AD VANCE

I’ve been reading a compendium of the Jack Vance stories: Tales Of The Dying Earth#, set in an unimaginably distant future where the sun, the very source of life, is expiring, it’s hydrogen stocks exhausted as it feebly illuminates a future primitive world with claret luminescence.

I still have my original paperback, excavated from a dusty secondhand bookshop in the seventies.  The yellowed, desiccated pages are only tenuously attached to the spinal cord, and this state of deterioration moved me to purchase a twenty-first century edition.

As I read the first part—simply called The Dying Earth—vague memories surfaced of the unconnected stories, but of the later instalments, nothing. Did I even read The Eyes of the Overworld?

It is an amazing collection of four books, dotted across the author’s timeline. A generous lifetime—ninety-six years—but not so much compared to the history of a world.

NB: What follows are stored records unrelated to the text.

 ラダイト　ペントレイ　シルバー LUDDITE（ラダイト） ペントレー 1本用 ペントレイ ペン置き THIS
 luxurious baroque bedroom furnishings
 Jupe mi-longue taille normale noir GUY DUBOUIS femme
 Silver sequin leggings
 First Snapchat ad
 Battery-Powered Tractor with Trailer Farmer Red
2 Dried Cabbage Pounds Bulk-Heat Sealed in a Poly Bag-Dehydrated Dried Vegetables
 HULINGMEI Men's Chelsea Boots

Vance was born in California in 1916, the middle of the first world war. Poor eyesight precluded military service during WWII, but such was his desire to contribute that he memorised the standard eye chart and thus gained admission to the merchant marine, indicative of a life-long love of boats and the sea.

The Dying Earth was Vance’s first published novel, in 1950 when he was thirty-four. It’s not really a novel, more a collection of stories in the same imagined setting, this wheezing Earth populated by self-obsessed magicians, freakish hybrids, and malevolent monsters (many of which inhabit human physiology). Yes, Vance’s distant future is powered by magic. And the fictional invention and prismatic flashes of language leap out of the pages almost seventy years later.

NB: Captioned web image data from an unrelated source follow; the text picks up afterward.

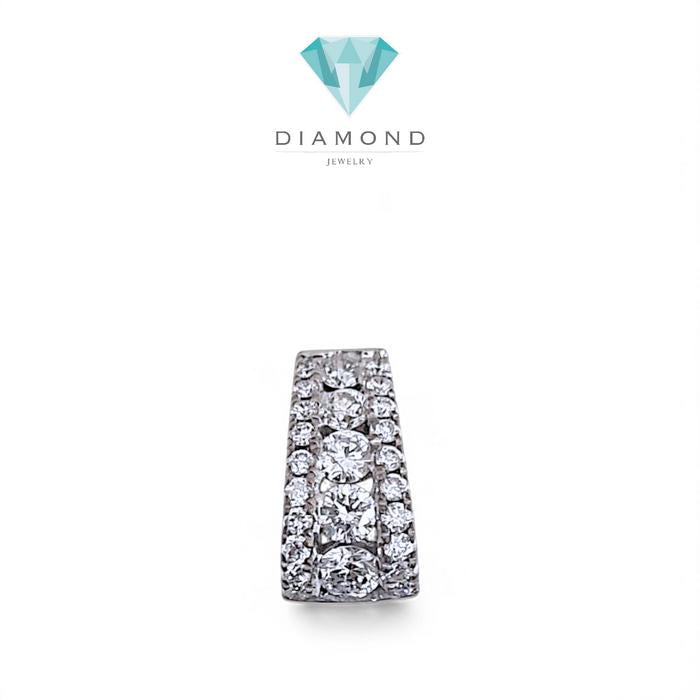 Liontin Diamond Trapesium stack18K / diamond pendant trapesium stackDiamond Jewelry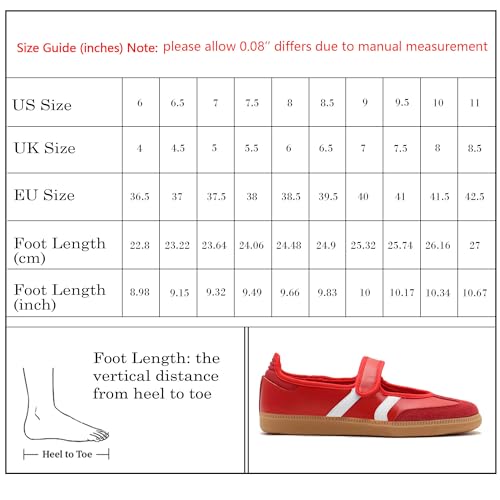 Image of Mary Jane Sneakers for Women Slip on Ballet Flats Walking Retro Sneakers | Round Toe Mary Jane Shoes,Hook and Loop,Lightweight Footwear,Women Fashion Sneakers for Walking, Travel, Workout, Daily Wear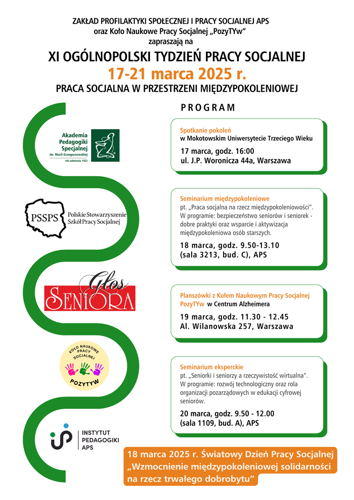 XI Ogólnopolski tydzień pracy socjalnej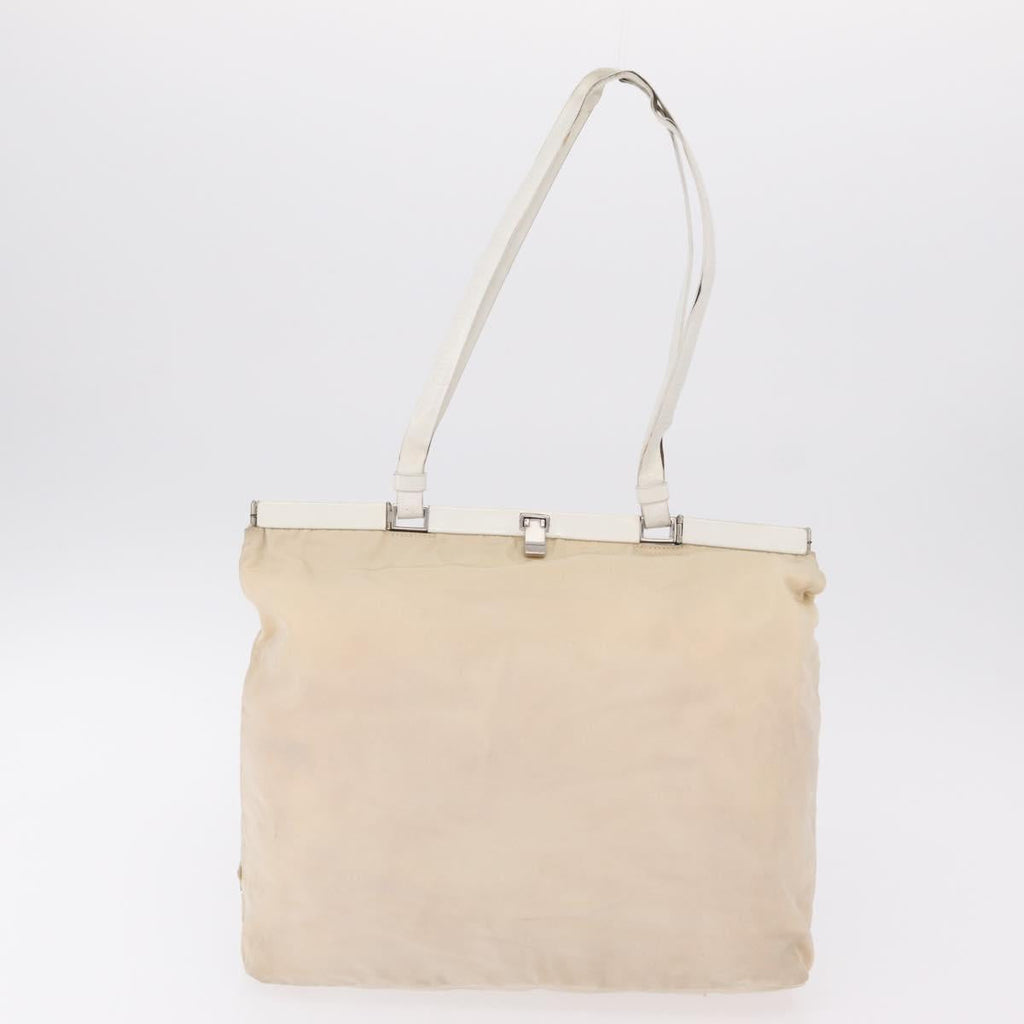 PRADA Hand Bag Nylon Leather 5 Set Black Beige Auth bs37447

A sequel of sorts, The Eyes of the Overworld, came out in 1966. It follows the misadventures of an immoral chancer named Cugel (who is, indeed, a blunt instrument) as he attempts to reap what he can from the dying earth. The same unlikable anti-hero re-appeared in 1983, his name celebrated in the book title: Cugel’s Saga. A year later came the final volume of tales, Rhialto the Marvellous, focussing on the small but highly influential group of magicians who inhabit the end of time.

The pall of extinction hangs over these stories, giving a paradoxical sense of both denial and despair. In scattered societies covering the spectrum from puritan to decadent, mundane to supernatural, the folk at the shadowy perimeter of endless darkness are mostly focussed on day-to-day survival within the carefully constructed (yet rotting) fabric of exhausted humanity. Vance doesn’t seem to be much of a fan of the human race.

Yet here they are, in all their mutated and petty-minded glory, countless eons out from the birth of civilisation. A hundred thousand years of continuous procreation may have produced a menagerie of exotic sub-types, yet the parameters of everyday life—food, power, sex, survival—remain consistent as motivators, if unfamiliar in their modes of expression.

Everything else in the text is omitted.